Vagrant.configure("2") do |config|
  config.vm.box = "ubuntu/jammy64"
  config.vm.network "private_network", ip: "192.168.56.10"
  config.dns.tld = "test"
  config.vm.hostname = "machine"
end

VagrantDNS::Config.logger = Logger.new("dns.log")
VagrantDNS::Config.passthrough = :unknown

I turned up the resolver logging. I can see the initial A and AAAA requests return quickly. But then I see RARP requests every 5s until it gives up after 2min. I suspect that this is related. Hypothesis is that ping wants to do RARP lookups for some reason, this doesn't work immediately, and after 10s it gives up. Meanwhile the resolver keeps retrying for 2min. I don't know enough about ping to know why it would do that. But in any case, this sounds similar to the AAAA timeout problems I saw earlier: if RARP won't work it should say so immediately rather than waiting for a two-minute timeout.

I ruled out some possible causes. I noticed that my guests' clocks were two minutes out of sync, so I installed NTP. That didn't help. I also suspected it might be due to having wifi and ethernet both connected to the same network at the same time, but switching off ethernet didn't help. And I thought maybe all the continual requests from the rest of the system might be slowing it down, but I stripped away everything except Ubuntu's connectivity check and it didn't help.

OK, I figured out the problem. It turns out passthrough must be false, not :unknown. The results for me are:

  • false: Works fine.
  • :unknown: Both known and unknown DNS lookups work and are fast, but CPU goes to 100% and pings are slow due to RARP.
  • true: Unknown DNS lookups are fast, known DNS lookups are slow waiting for AAAA lookups. CPU at 100%.

It seems there's a loop between vagrant-dns and systemd-resolver. I don't know much about all of this, in my mental model there's a configured DNS server and a cache and that's it. But it turns out the resolver has a chain of helpers for each interface, and vagrant-dns inserts itself as the first of those. Without passthrough, if vagrant-dns can't resolve an address, the resolver just moves to the next option, and that works fine. But with passthrough, vagrant-dns invokes the DNS system to find the address. That's the resolver. The first helper in the chain is vagrant-dns, and so ad infinitum.

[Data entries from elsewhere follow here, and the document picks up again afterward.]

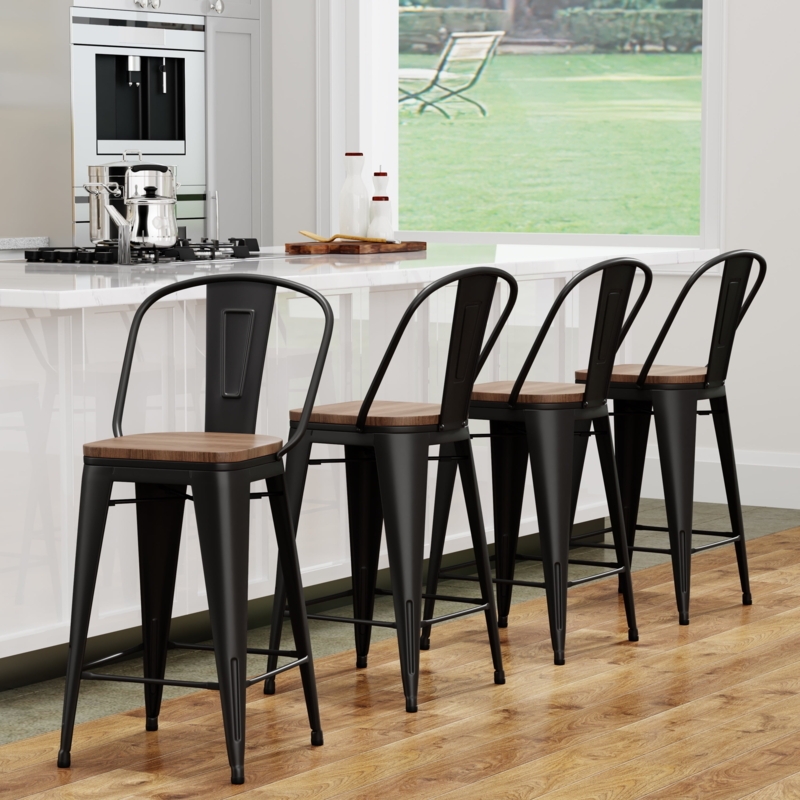 Bar Stool Metal Frame Wood Seat Industrial Silhouette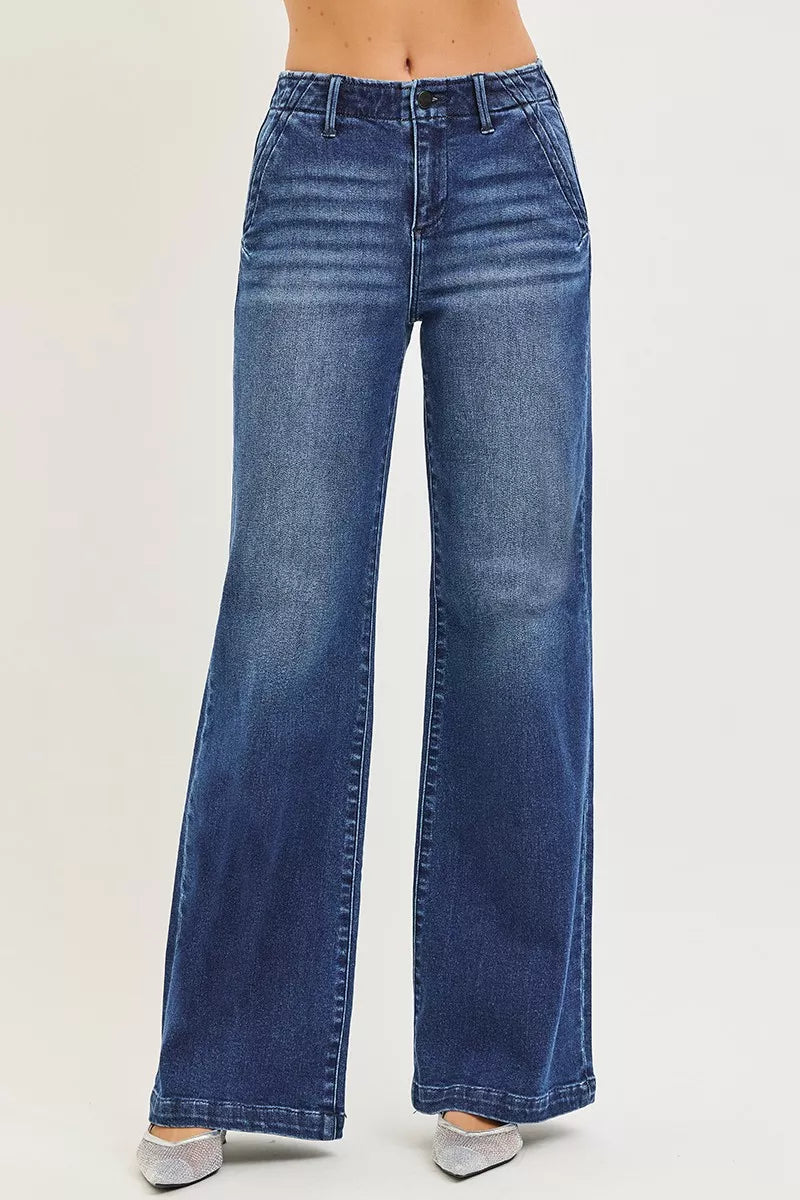 RISEN Wide Leg Jeans - Women's High Rise Slanted Pocket - Fashions Envy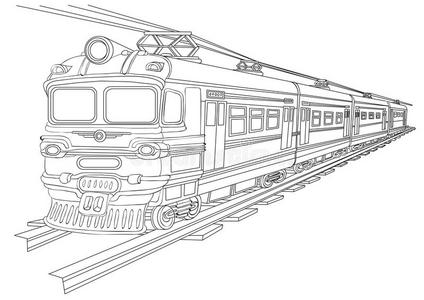 火车铁轨手绘图图片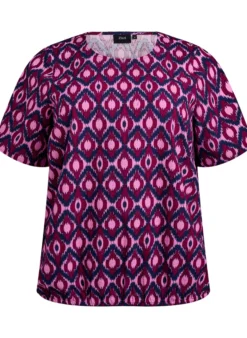 Baumwoll-Bluse mit Print und kurzen Ärmeln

Something about this setup must be wrong. I don't know if the bad design decision was made by systemd, Ubuntu, RubyDNS, or vagrant-dns. But given that this infinite loop is a fact of life, I think vagrant-dns could stand to be more defensive. Perhaps a rate limit on the number of queries or something.

You could mark this issue as fixed because I have my workaround. But I'd much prefer if something could be done to make finding that solution more straightforward.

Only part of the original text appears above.